Meaning & Inspiration

There is a particular kind of honesty in the way Tenth Avenue North anchors this entire song on the word "worn." It’s not a spiritualized word. It doesn’t carry the heavy, liturgical weight of "brokenness" or "sin." It’s mundane. It’s what happens to a coat sleeve after years of rubbing against a desk, or the soles of shoes that have walked too many miles on hard pavement.

When Mike Donehey sings about being "worn," he’s not describing a crisis of faith so much as a total depletion of friction. There’s a startling tension here: we are taught that the Christian life is meant to be a transformation—a process of being refined like gold in a furnace. But being "worn" implies something different. It implies that you’ve been used up. You haven't been forged; you’ve been eroded.

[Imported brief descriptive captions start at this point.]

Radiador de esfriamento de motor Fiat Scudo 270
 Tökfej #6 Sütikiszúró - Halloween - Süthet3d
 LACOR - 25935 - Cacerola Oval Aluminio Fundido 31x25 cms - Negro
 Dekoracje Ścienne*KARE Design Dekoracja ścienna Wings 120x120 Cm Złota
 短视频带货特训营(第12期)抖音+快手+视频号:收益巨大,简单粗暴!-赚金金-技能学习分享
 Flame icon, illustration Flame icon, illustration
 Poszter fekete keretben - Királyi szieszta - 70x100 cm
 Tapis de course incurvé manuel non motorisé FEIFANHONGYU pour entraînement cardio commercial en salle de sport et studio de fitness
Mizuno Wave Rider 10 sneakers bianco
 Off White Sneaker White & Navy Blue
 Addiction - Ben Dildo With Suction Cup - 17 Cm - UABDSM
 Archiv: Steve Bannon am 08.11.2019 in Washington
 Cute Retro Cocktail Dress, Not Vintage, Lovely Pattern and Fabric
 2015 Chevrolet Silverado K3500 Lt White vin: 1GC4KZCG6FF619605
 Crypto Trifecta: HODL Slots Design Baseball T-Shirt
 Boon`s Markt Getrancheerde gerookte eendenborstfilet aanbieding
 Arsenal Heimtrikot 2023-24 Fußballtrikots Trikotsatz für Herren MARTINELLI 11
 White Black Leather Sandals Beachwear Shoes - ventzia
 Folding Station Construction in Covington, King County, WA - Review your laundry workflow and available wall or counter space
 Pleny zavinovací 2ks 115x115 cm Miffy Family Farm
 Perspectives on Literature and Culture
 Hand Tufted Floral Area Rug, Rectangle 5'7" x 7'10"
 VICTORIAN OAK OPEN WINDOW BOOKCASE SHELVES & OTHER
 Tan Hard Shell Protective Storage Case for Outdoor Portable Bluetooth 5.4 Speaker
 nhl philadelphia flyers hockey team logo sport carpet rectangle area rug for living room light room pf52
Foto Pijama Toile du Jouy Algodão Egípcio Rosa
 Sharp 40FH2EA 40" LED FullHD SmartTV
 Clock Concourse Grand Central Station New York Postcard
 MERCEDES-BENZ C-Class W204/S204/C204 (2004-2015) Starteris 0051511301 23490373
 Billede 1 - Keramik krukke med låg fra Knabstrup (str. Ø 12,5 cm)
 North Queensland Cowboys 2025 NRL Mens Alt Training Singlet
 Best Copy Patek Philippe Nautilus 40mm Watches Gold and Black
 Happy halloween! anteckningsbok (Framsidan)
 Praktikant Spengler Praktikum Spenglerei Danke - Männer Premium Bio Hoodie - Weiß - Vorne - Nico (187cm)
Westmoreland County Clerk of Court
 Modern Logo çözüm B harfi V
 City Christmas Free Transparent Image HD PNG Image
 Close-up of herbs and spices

It makes me think of the Israelites in the desert. We talk about their rebellion, but we rarely talk about the sheer physical exhaustion of wandering for forty years. They were worn down by the manna, the heat, and the proximity to the divine. There is a gritty, literal exhaustion in the lyrics—"the work it takes to keep on breathing"—that rings far truer than the "victorious" language we usually insist on in Sunday morning playlists.

Is it a cliché to ask for "redemption to win"? Perhaps. But look at the phrasing: "I wanna know a song can rise / From the ashes of a broken life." There is a desperation in the "wanna know" that exposes the gap between theology and biology. I know, intellectually, that the resurrection is a promise. But on a Tuesday afternoon when the internal machinery of my life feels like it’s grinding to a halt, that promise feels like a distant, flickering light.

The most jarring admission in the text is, "My prayers are wearing thin / Even before the day begins." That’s a confession of defeat. It’s the admission that even the act of reaching toward God has become a chore—a physical expenditure I don’t have the reserves for.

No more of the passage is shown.